Mengawali perdagangan, IHSG langsung melemah akibat sentimen negatif pelemahan bursa-bursa regional. Hal itu terjadi seiring meningkatnya kekhawatiran krisis utang Yunani akan semakin melebar ke negara-negara Uni Eropa lainnya.
Pelemahan IHSG semakin dalam setelah munculnya kabar pengunduran diri Menteri Keuangan Sri Mulyani karena mendapatkan tawaran posisi sebagai Managing Director Bank Dunia.

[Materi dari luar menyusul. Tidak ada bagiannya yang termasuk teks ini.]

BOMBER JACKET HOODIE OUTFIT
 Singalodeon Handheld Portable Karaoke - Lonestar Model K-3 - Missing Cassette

Namun kejatuhan IHSG sempat dipersempit pada penutupan sesi I, dengan penutunan 'hanya' 82,172 poin (2,78%) ke level 2.876,843.
SCROLL TO CONTINUE WITH CONTENT
Pada perdagangan Rabu (5/5/2010), IHSG akhirnya ditutup merosot hingga 112,776 poin (3,81%) ke level 2.846,239. Indeks LQ 45 juga merosot 23,920 poin (4,18%) ke level 548,295. IHSG hari ini menyentuh titik terendahnya di 2834,963.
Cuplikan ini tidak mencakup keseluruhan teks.